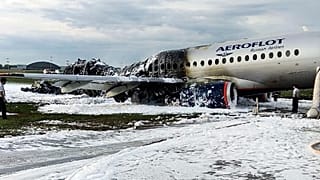 A Szuhoj Szuperjet katasztrófája, 2019 május 5.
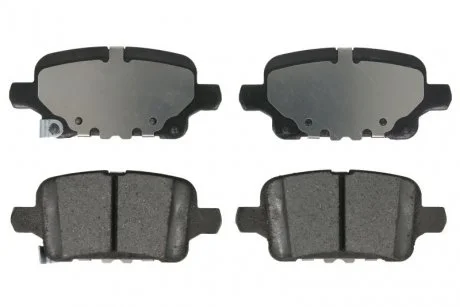 Фото тормозные колодки, дисковые Delphi LP3372 Тормозные колодки, дисковые Delphi LP3372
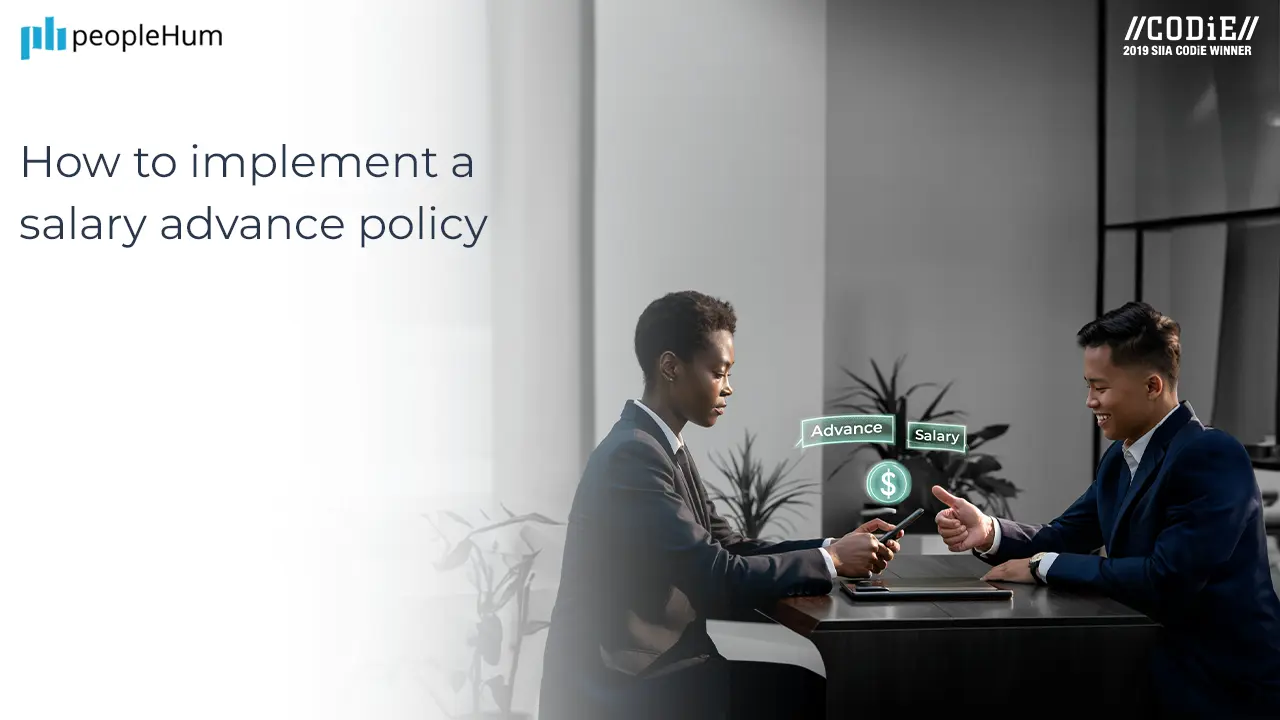How to Put a Salary Advance Policy into Action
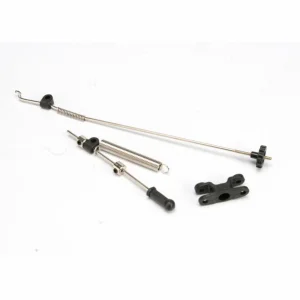 Traxxas Linkage set throttle brake (Jato) (includes servo horn rod guides brake spring brake adjustment dial rods (wires) throttle return spring hardware)
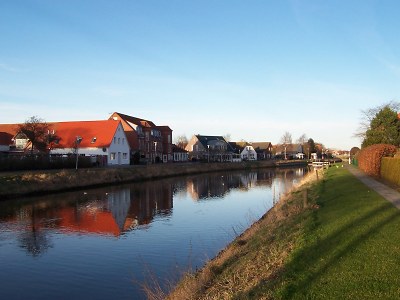 Carolinensiel an der Harle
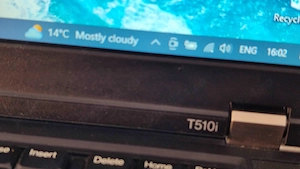 Laptop Lenovo T510i - imagine 3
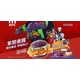 Purple Bun Chicken Burgers Image 1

________________

▸ **TASK TO COMPLETE**
Each line from the one containing "Фото тормозные колодки, дисковые" through the end of the records above is to be retyped exactly, with the pictures omitted and nothing added.

▸ **WRITTEN RESPONSE**
 Фото тормозные колодки, дисковые Delphi LP3372 Тормозные колодки, дисковые Delphi LP3372
How to Put a Salary Advance Policy into Action
 Traxxas Linkage set throttle brake (Jato) (includes servo horn rod guides brake spring brake adjustment dial rods (wires) throttle return spring hardware)
 Carolinensiel an der Harle
 Laptop Lenovo T510i - imagine 3
 Purple Bun Chicken Burgers Image 1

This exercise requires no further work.